Although not discussed in any previous Executive Council meeting, at its meeting of December 5, 1966, the Rev. William Cox was in attendance, and the fate of St. Philip’s was sealed. “St. Philip’s, Cumberland, will be closed and the building deconsecrated on December 15th. Several years ago the people of Holy Cross invited those of St. Philip’s to worship with them and some of them accepted. In the past, the Chapel has drawn members from Pennsylvania and West Virginia, but as churches in those areas also integrated, size of St. Philip’s congregation decreased to the point that closing the chapel was the only reasonable thing to do. The Rev, Mr. Cox, vicar of Holy Cross and St. Philip’s , moved that the corpus of the endowment fund of St. Philip’s be transferred to Holy Cross to help the congregation carry the increased financial burden brought about by the close of St. Philip’s. This fund and one for Holy Cross were established years ago by Mary Perry Evans…The motion was adopted. Mr. Cox then moved that the proceeds from sale of St. Philip’s Church building and contents be added to this endowment fund, income to go to Holy Cross. This would enable Holy Cross to be self-supporting and to make regular payment of rent to the diocese, thus reducing the diocesan investment in Holy Cross for use elsewhere. After discussion, the motion was withdrawn. The council authorized the sale of the real and personal property known as St. Philip’s Church, proceed to be held in escrow until decision is made as to disposition.”
Only ten days later, on Thursday, December 15, 1966, Bishop Doll’s diary entry read, “Worked at my desk until time to leave for Cumberland. I was scheduled to deconsecrate St. Philip’s Church in Cumberland, which I did that evening. Delia and I stayed overnight with the Rev. and Mrs. William Cox, in the new vicarage.” St. Philip’s church and property were sold on April 9, 1969, for only $5,000. The buyer’s purpose was to “raze the building and use land for their sewer line”.

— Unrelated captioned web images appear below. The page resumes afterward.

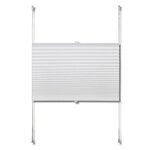 vidaXL Store plissé 70x125 cm Blanc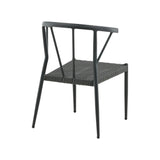 Jídelní židle, Stina, černá, 49 x 47 x 79,5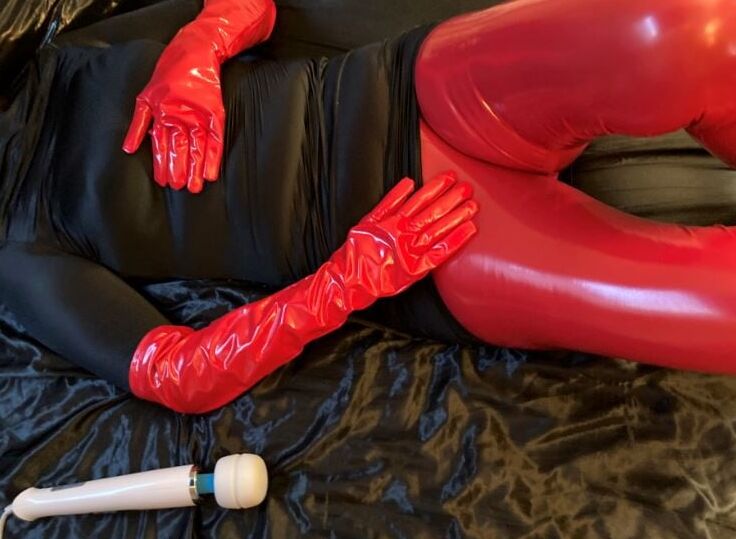 Red Leggings, Red Gloves, Red Heels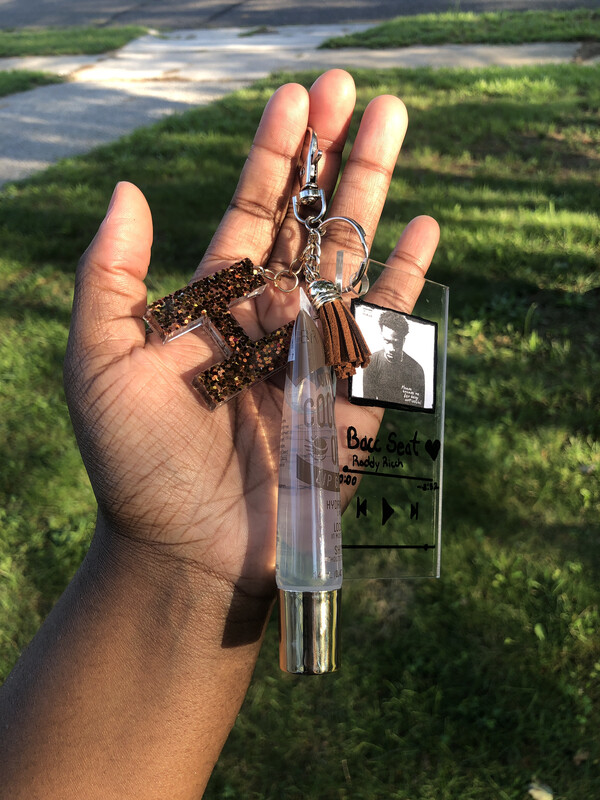 Custom Song Keychain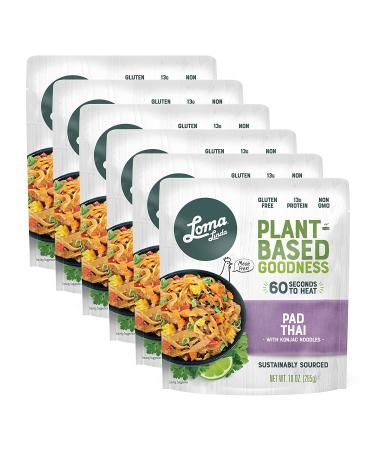 Plant-Based Pad Thai Meal Solution Packets - Loma Linda (6 Pack, 10 oz each) - Buy Online on GoSupps.com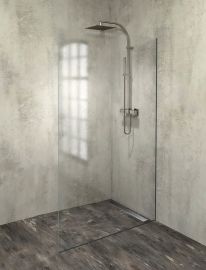 POLYSAN ARCHITEX LINE beépítési szett padlóhoz, falhoz, max:1200mm, matt fekete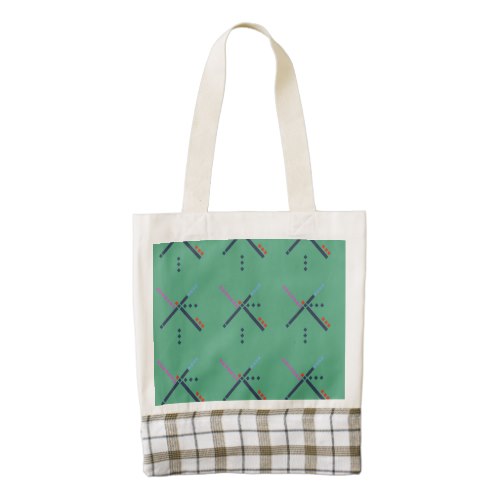 PDX Airport Carpet Zazzle HEART Tote Bag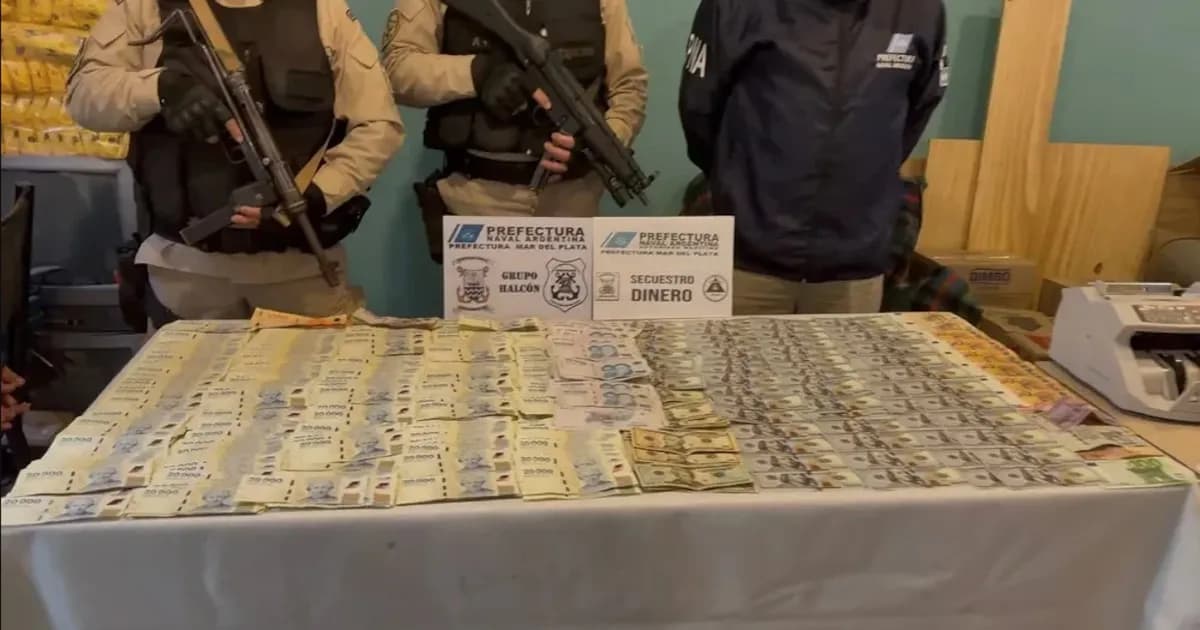 Desmantelan red de trata en Mar del Plata: detienen a un peruano y hallan $35 millones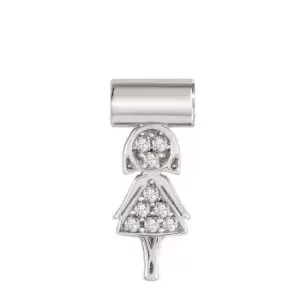 Image of Nomination SeiMia Silver CZ Mum Pendant Charm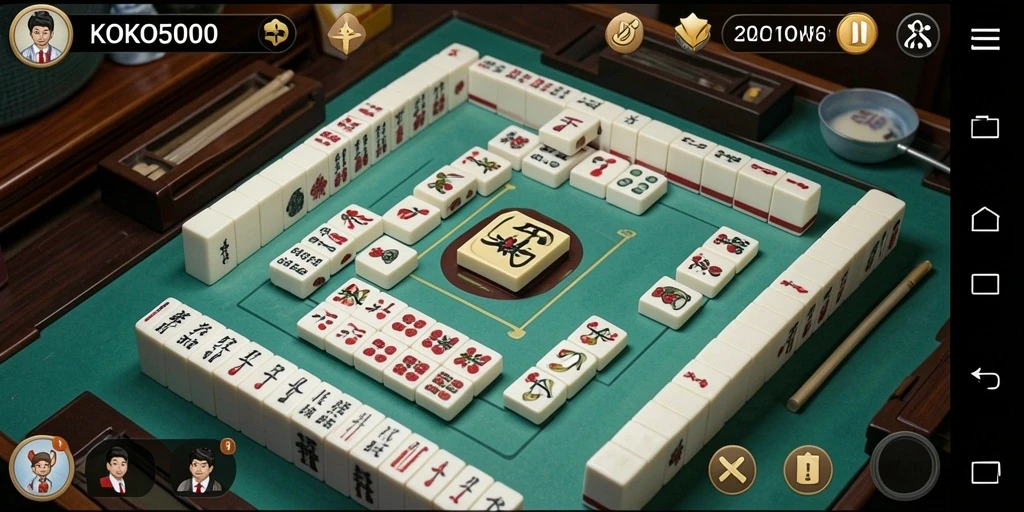 Screenshot utama KOKO5000 menampilkan gameplay seru Mahjong yang menantang.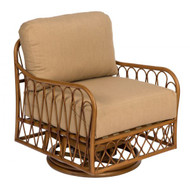 Woodard Cane Swivel Lounge  Chair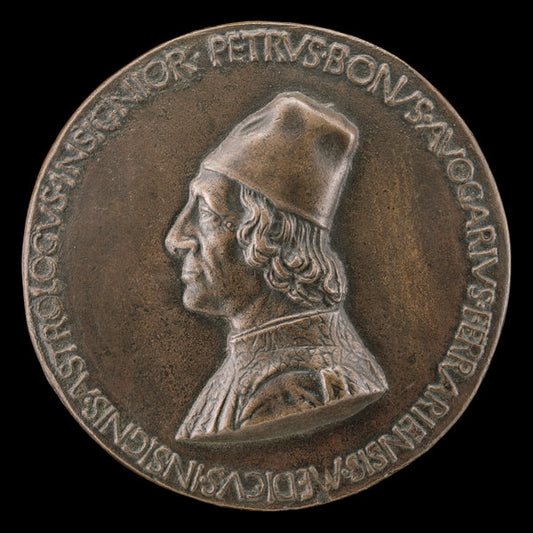 Pietro Bono Avogario, 1425-1506, Physician and Astrologer [obverse] by Sperandio (Italian, c. 1425/1428  - c. 1504), 16X12"(A3)Poster Print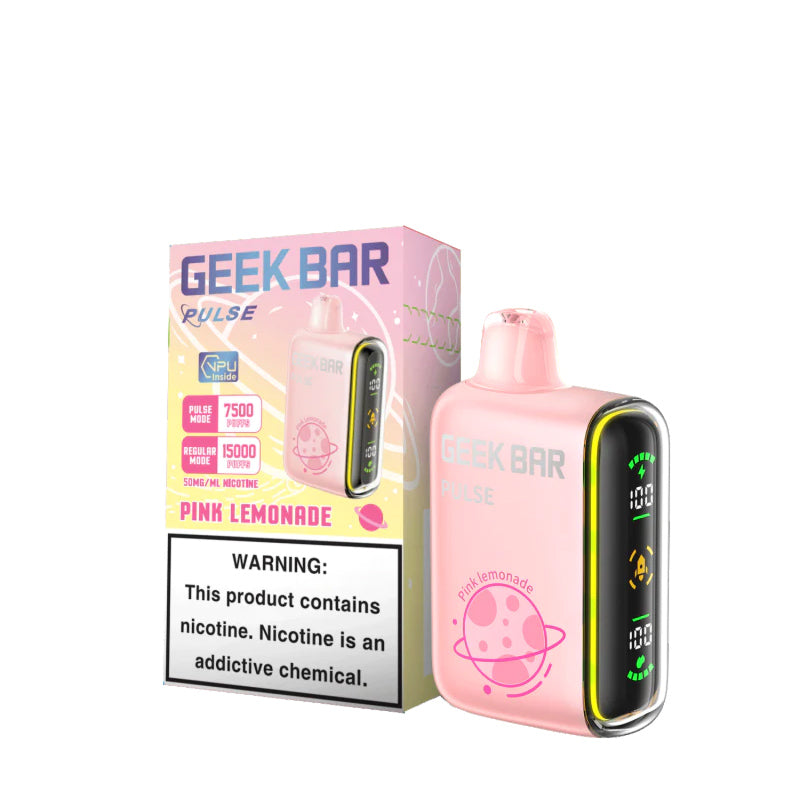 Pink Lemonade Geek Bar Pulse 15000 Disposable - ԷՆԴՍ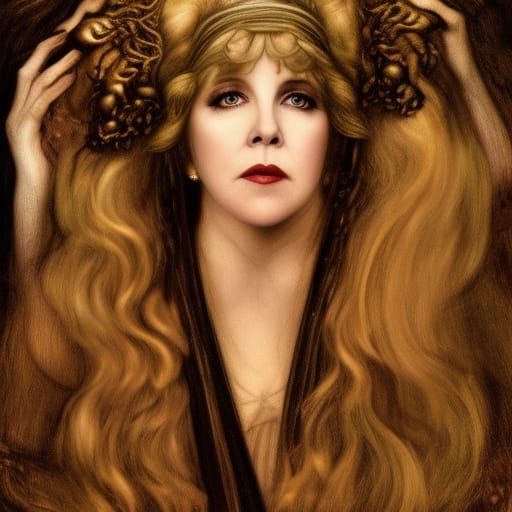 Stevie Nicks in Silent Film, Rossetti Style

While members of Holy Cross may have seen the closing of St. Philip’s as a merger of the two congregations, resulting in an integrated church, some members of St. Philip’s may not have viewed the events with such equanimity. In 1991, the 100th anniversary of the founding of both St. Philip’s and Holy Cross, attempts to foster healing were made in the celebrations of the centenary. A service of Holy Communion was celebrated on St. Philip’s Day, April 28, with two African American clergy in charge, the Rev. Robert Powell, of St. Philip’s, Annapolis, and the Rev. Carl Wright, who was serving at Emmanuel, Cumberland, and is now Suffragan Bishop for Armed Forces and Federal Ministries. The Cumberland newspaper carried histories of the two congregations, with accompanying photos and schedules for the celebrations. Further attempts at unifying and reconciling came about under the leadership of the Rev. Roland Bonadie, the deacon, then priest in charge of Holy Cross beginning in 2005. At the 2010 Diocesan Convention, the name of the congregation was officially changed to Holy Cross-St. Philip’s, and the former rectory was named the Denson-Perry House in 2011. Despite attempts to revitalize the newly named congregation, the efforts failed to guarantee a thriving church, and the final closure of Holy Cross-St. Philip’s was announced in 2014.